Despite the jump, SPCE is one of the top laggards in Wall Street as it dropped by almost 90% this year and by 92% in the past 12 months. In a sad turn of events, a company that was valued at over $14 billion in 2021 has lost its market cap to just $116 million and is fighting for its survival.

Virgin Galactic earnings

In a closely-watched statement on Wednesday, Virgin Galactic said that its business conditions were improving. 

Its revenue rose to $4 million, higher than the $2 million it made in the same quarter in 2023. For now, Virgin Galactic’s revenues are not all that important since the company is not fully in business.

On the positive side, SPCE reduced its operating expenses from $141 million to $106 million while its net loss narrowed to $94 million. Also, its cash outflow improved to $114 million.

Some of this performance is because the company has been reducing its expenses in the past few months. For example, it laid off 185 of its 840 full-time employees and the management has suggested that cost cuts will continue.

The company made several developments during the quarter. It completed the construction process of its final assembly plant in Arizona and continued making its Delta Class spaceships, which it expects will go online in 2026. The company also released a business model video, explaining how its operations work.

Key challenges remain

Despite the strong numbers, the company is facing numerous challenges, as we have written before. 

The first challenge is that it is still burning huge sums of money and will need to raise more in the next few years. It ended the last quarter with over $835 million in cash and short-term investment. 

While these are huge sums of money, the company is expected to burn between $115 million and $125 million in the second quarter alone. As such, if the trend continues, Virgin Galactic will likely need to raise more by 2026. 

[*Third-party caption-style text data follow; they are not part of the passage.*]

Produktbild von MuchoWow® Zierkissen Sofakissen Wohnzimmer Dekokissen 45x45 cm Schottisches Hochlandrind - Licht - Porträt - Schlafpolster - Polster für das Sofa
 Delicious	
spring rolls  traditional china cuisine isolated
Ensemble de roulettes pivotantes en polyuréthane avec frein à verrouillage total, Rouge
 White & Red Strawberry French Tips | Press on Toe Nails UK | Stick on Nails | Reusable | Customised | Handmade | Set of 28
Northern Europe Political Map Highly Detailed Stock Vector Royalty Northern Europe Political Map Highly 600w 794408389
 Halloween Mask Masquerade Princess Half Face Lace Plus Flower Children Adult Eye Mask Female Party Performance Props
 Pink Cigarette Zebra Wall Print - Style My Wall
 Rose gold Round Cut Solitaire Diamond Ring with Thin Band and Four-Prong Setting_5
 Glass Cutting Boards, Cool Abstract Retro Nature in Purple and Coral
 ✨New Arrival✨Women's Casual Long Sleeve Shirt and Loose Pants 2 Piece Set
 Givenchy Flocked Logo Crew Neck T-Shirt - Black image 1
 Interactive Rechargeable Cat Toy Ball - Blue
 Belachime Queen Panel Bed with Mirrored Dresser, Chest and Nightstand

Virgin Galactic has been diluting its shareholders for a while, a move that has seen its total outstanding shares rise to over 20.6 million. Most recently, it has been implementing its At the Market (ATM) offering worth $400 million, of which it has raised $394 million. 

Virgin Galactic believes that it does not need to raise more money since it expects that its first two spaceships will be able to generate over $100 million in adjusted EBITDA annually.

The management also cites its strong customer base of 700 pre-booked members. It believes that it has more room to grow considering that reports by Credit Suisse and Jefferies have estimated a target customer base of 300,000 and annual growth rate of 8%.

The challenge with these numbers, as we have seen in the Electric Vertical Take-Off and Landing (eVTOL) industries, is that they are based on assumptions because this is a new industry. 

In the past, some of the most ambitious targets in other industries like cannabis and 3D printing have not worked out well.

Virgin Galactic hopes that it will initially serve about 750 customers annually, meaning that it will make about $450 million in annual revenue since a seat costs $450 million. After that, it hopes to get to 1,650 customers annually and $1 billion in revenues. 

It also hopes that the initial EBITDA for the first year will be between $90 million and $115 million followed by $450 million and $500 million after expanding its fleet. Its adjusted EBITDA margins will initially be between 20% and 25%. 

The other issue is that, even if this industry thrives, Virgin Galactic will face substantial competition from the likes of Tesla and Blue Origin, which are funded by two of the richest men globally. This means that it could face some pricing pressures in the future. 

Virgin Galactic stock price forecast

In my previous articles, I have warned that Virgin Galactic stock has more downside primarily because of its balance sheet. These forecasts have been accurate as the stock has continued tumbling and moved to a record low. 

The SPCE stock price has remained below the 50-day and 200-day moving averages while the Relative Strength Index (RSI) has moved to the oversold level.

Therefore, the stock will likely continue falling in the coming days as sellers target the next target at $4. However, as I have also warned, Virgin Galactic is one of the top meme stocks and is highly shorted with a short interest of over 20%.

Therefore, the risk of shorting the stock is that it could go through a short squeeze that could push it significantly higher.